Literary organization in Baltimore, Maryland, USA

The Baltimore Science Fiction Society (BSFS) is a literary organization focusing on science fiction, fantasy and related genres. A 501(c)3 literary society based in Baltimore, Maryland, the BSFS sponsors Balticon, the Maryland Regional Science Fiction Convention.

==Activities==

BSFS sponsors a young writers contest for Maryland students named the "Jack L. Chalker Young Writers Contest." BSFS conducts the annual Bobby Gear Memorial Charity Auction to fund the BSFS Books for Kids program which gives free reading books to students in cooperation with a Maryland school/schools.

The BSFS has presented the Compton Crook Award each year since 1983. The award is given to the year's best debut novel in the SFF genre. Compton Crook, who wrote under the pseudonym Stephen Tall, was a science fiction author, long-time Baltimore resident, and professor at Towson University.
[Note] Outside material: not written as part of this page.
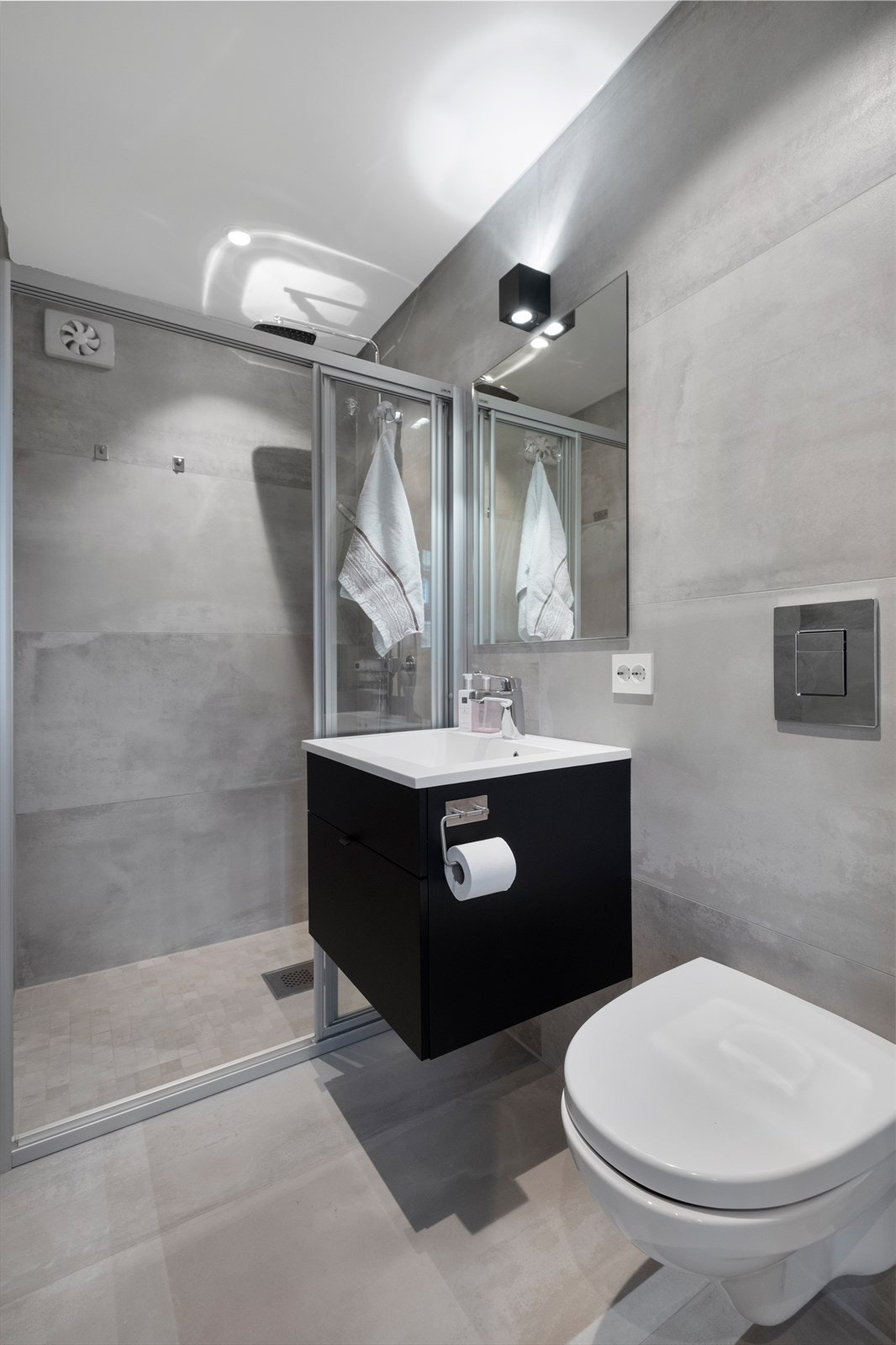 Flislagt bad Galleribilde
Since 2013, the BSFS has administered the Robert A. Heinlein Award.

==History==
The Baltimore Science Fiction Society was first formed on January 5, 1963, on the back seat of a Trailways bus, by people returning from a meeting of the Washington Science Fiction Association (WSFA). Four years later, the group held its first Balticon. This convention was planned in part as a promotion for Baltimore's Worldcon bid. The club went into suspension in 1968 and was re-organized in 1974.
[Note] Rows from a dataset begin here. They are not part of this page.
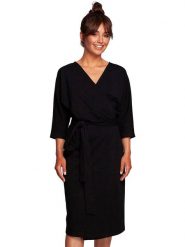 Be Wear Sukienka w kolorze czarnym rozmiar: L. Czarne sukienki Be Wear, l, bez wzorów, bez kołnierzyka, bez ramiączek, midi, kopertowe. Za 197.63 zł.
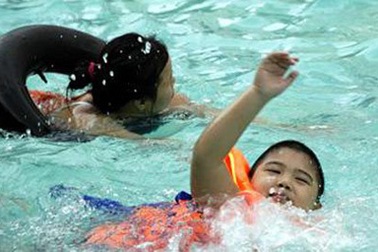 Học sinh học bơi "trên giấy" đến khi nào? 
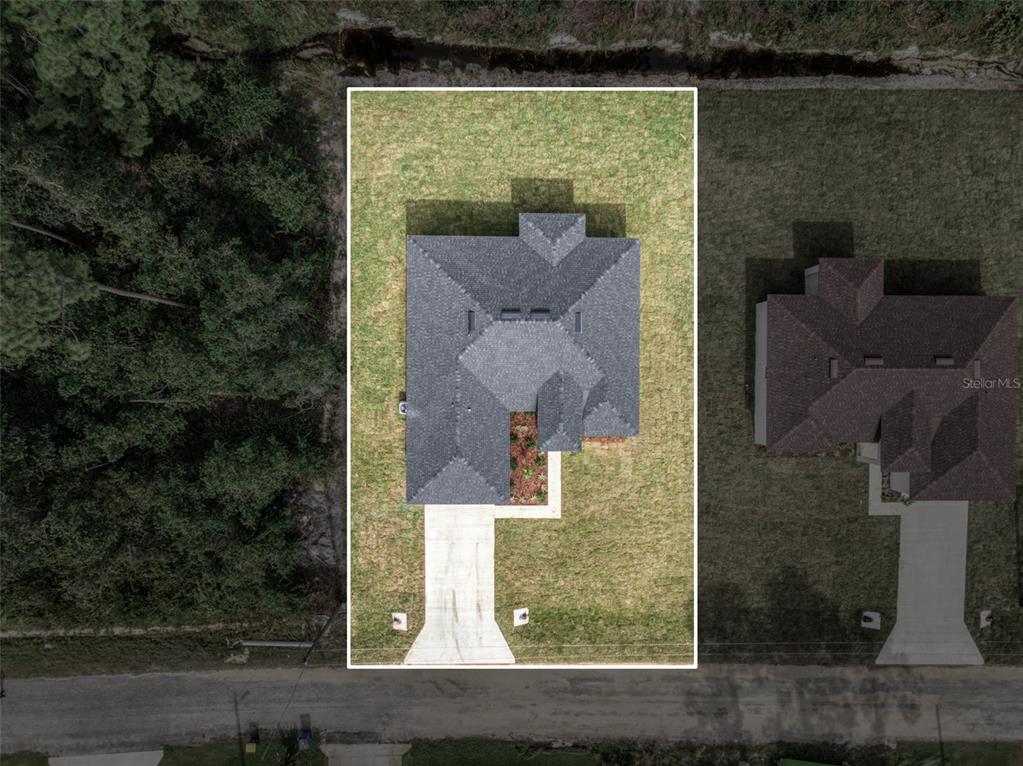 8736 Capilla Street Sebring, FL 33872 - Photo 4 of 60 a picture of a lake view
===Tax exemption lawsuit===

In 2001, the BSFS applied for a property tax exemption on the basis that its building was used for educational purposes. The State Department of Assessments and Taxation (SDAT) denied the exemption. BSFS appealed to the Tax Court, which reversed SDAT's decision. SDAT appealed to the circuit court, which ruled that promoting science fiction was not an educational purpose. Finally, BSFS appealed to the Court of Special Appeals, which reversed the circuit court decision and granted the exemption.

Throughout this process, SDAT argued that BSFS was a social or hobby club, not educational. The Tax Court rejected SDAT's narrow definition of "educational purposes", finding that there is "a certain affinity between 'educational' and literary functions and activities."